The UN agency for Palestinian refugees, UNRWA, appealed Tuesday for $1.6 billion for its work in 2023, as it struggles to overcome chronic budget shortfalls.
UNRWA — which provides services to nearly six million Palestinians registered in the Palestinian territories, including Israeli-annexed east Jerusalem, as well as in Jordan, Lebanon and Syria — warned that “compounding challenges” had placed it under “immense strain”.
The agency, which counts nearly 30,000 staff — most of them Palestinian refugees — runs more than 700 schools that offer education to half a million children, and provides health, sanitation and social services, including food and cash assistance.

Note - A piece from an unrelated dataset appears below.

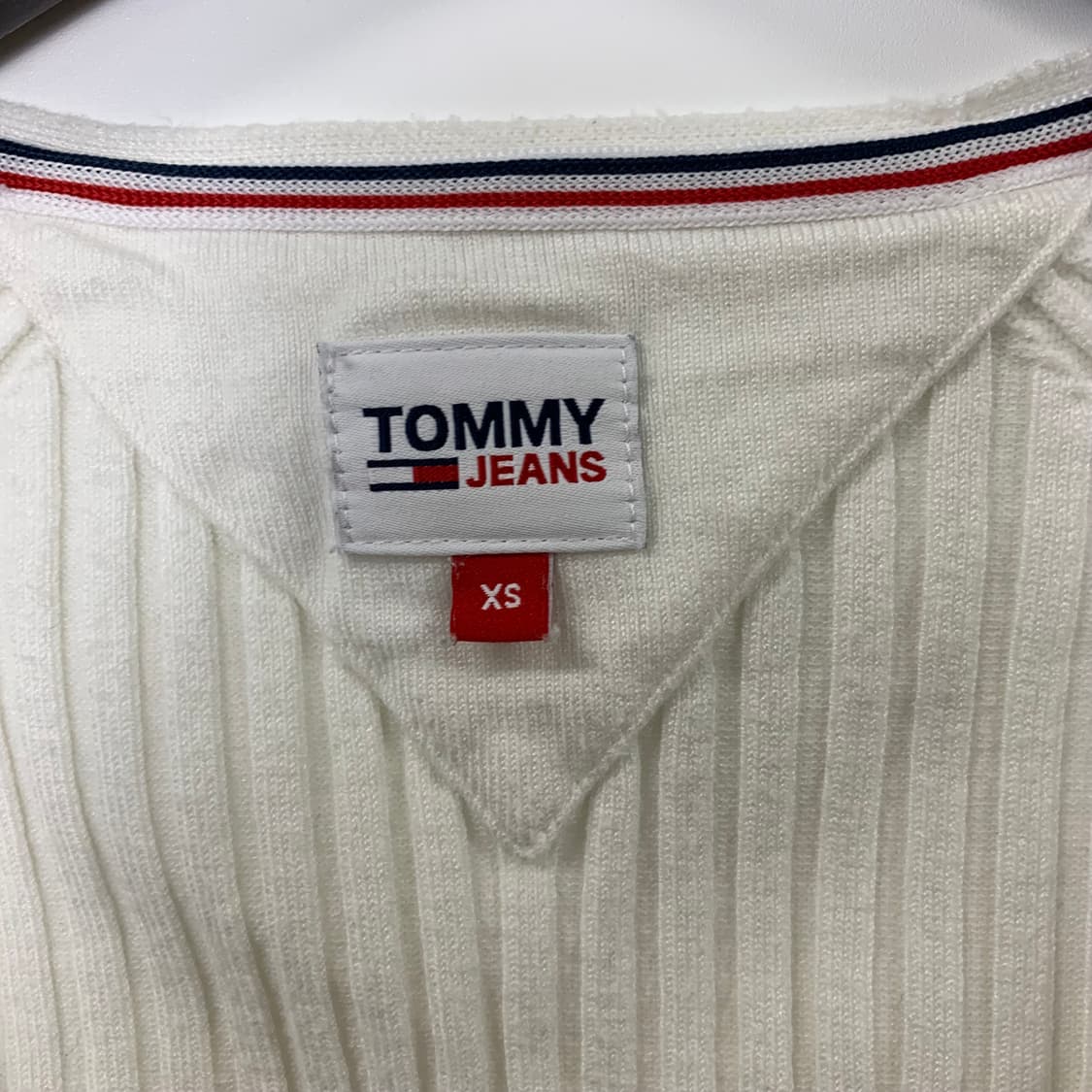 타미힐피거 골지 화이트 니트 집업 상품이미지5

Out of the $1.6 billion requested, UNRWA said $848 million was needed for such core services.
It said another $781.6 million was needed for emergency operations.
UNRWA chief Philippe Lazzarini said the agency played “an indispensable role” for millions of Palestinian refugees.
“We work to maintain the delivery of basic services in an incredibly difficult financial and political context,” he said in a statement.
The agency warned that most Palestinian refugees now live below the poverty line and a growing number are dependent on UNRWA for assistance, sometimes for their “sheer survival”.
Lazzarini said he had just returned from a trip to Syria where he had “witnessed firsthand indescribable suffering and despair”.
That situation, he said, was “sadly mirrored in other places like Lebanon and Gaza where Palestine refugees are hitting rock bottom.”
“Many told me that all they asked for was a life of dignity; that’s not much to ask for.”
UNRWA has long faced chronic budget shortfalls, which worsened dramatically in 2018 when former US president Donald Trump cut support to the agency.
His administration branded UNRWA “irredeemably flawed,” siding with Israeli criticisms of the agency founded in 1949, a year after Israel’s creation.
US President Joe Biden’s administration has fully restored support but UNRWA has said it is still struggling.
Last year, UNRWA only raised nearly $1.2 billion of the $1.6 billion it had appealed for, Lazzarini said.
“We cannot and should not be always scrambling to bring in funds to cover our contribution to human rights and stability,” Lazzarini said, stressing the need for “a more sustainable model of funding… a predictable, long-term and regular source of funding.”